Kubernetes Multi-cluster Management and Application Deployment in Hybrid Cloud

This post introduces the development of Kubernetes multi-cluster management and existing multi-cluster solutions. It also shares how KubeSphere distributes and deploys applications in a unified manner using KubeFed in hybrid cloud for the purpose of achieving cross-region high availability and disaster recovery. Finally, it discusses the possibility of decentralized multi-cluster architecture.

Before initiating KubeSphere v3.0, we made a survey in the community and found that most of the users called for multi-cluster management and application deployment in different cloud environments. To meet users' needs, we added the multi-cluster management feature in KubeSphere v3.0.

Kubernetes Architecture in a Single Cluster

Kubernetes consists of the master and worker nodes. On the master node, the API server processes API requests, Controller Manager takes charge of starting multiple controllers and consistently coordinating the transition of declarative APIs from spec to status, Scheduler is used to schedule Pods, and etcd stores data of clusters. The worker nodes are mainly responsible for starting Pods.

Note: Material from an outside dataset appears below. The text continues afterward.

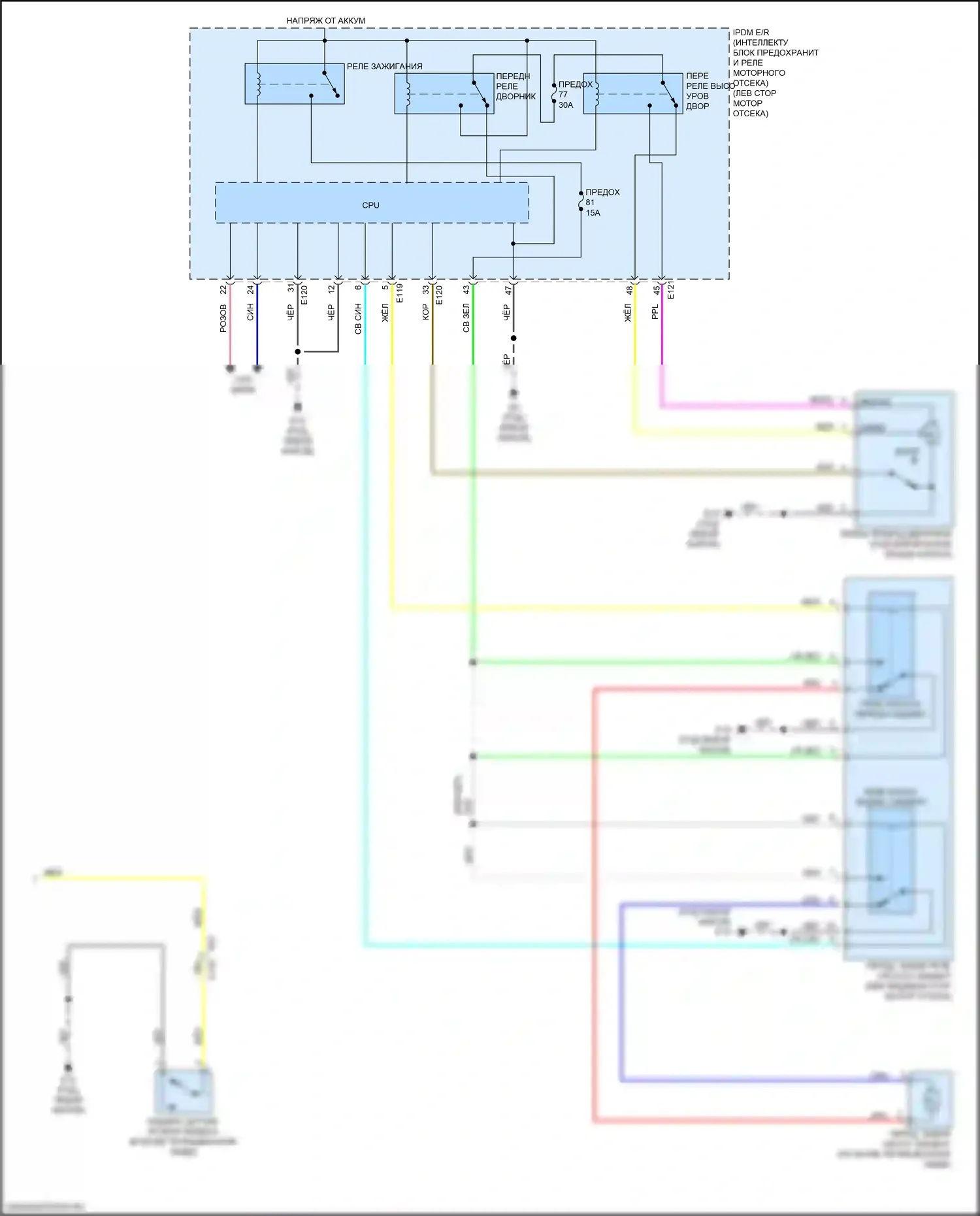 Дворники и омыватели — Электросхема передних дворников и омывателей — Электросхема передних дворников и омывателей (2 из 2). Nissan Qashqai III (2021-2024)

Enterprises have the following expectations, which cannot be met by a single cluster:

Physical isolation: Despite the fact that Kubernetes supports isolation by namespace, and you can set the CPU and memory usage of each namespace, and also use the network policy to configure network connectivity among namespaces, enterprises still need a completely isolated physical environment to make sure that services are independent from each other.
Hybrid cloud: To reduce the cost, enterprises expect a package of public cloud providers and private cloud solutions to prevent vendor lock-in.
Multi-site high availability for applications: To make sure that applications still work properly even though an electricity power outage occurs in a region, enterprises expect to deploy multiple replicas in clusters in different regions.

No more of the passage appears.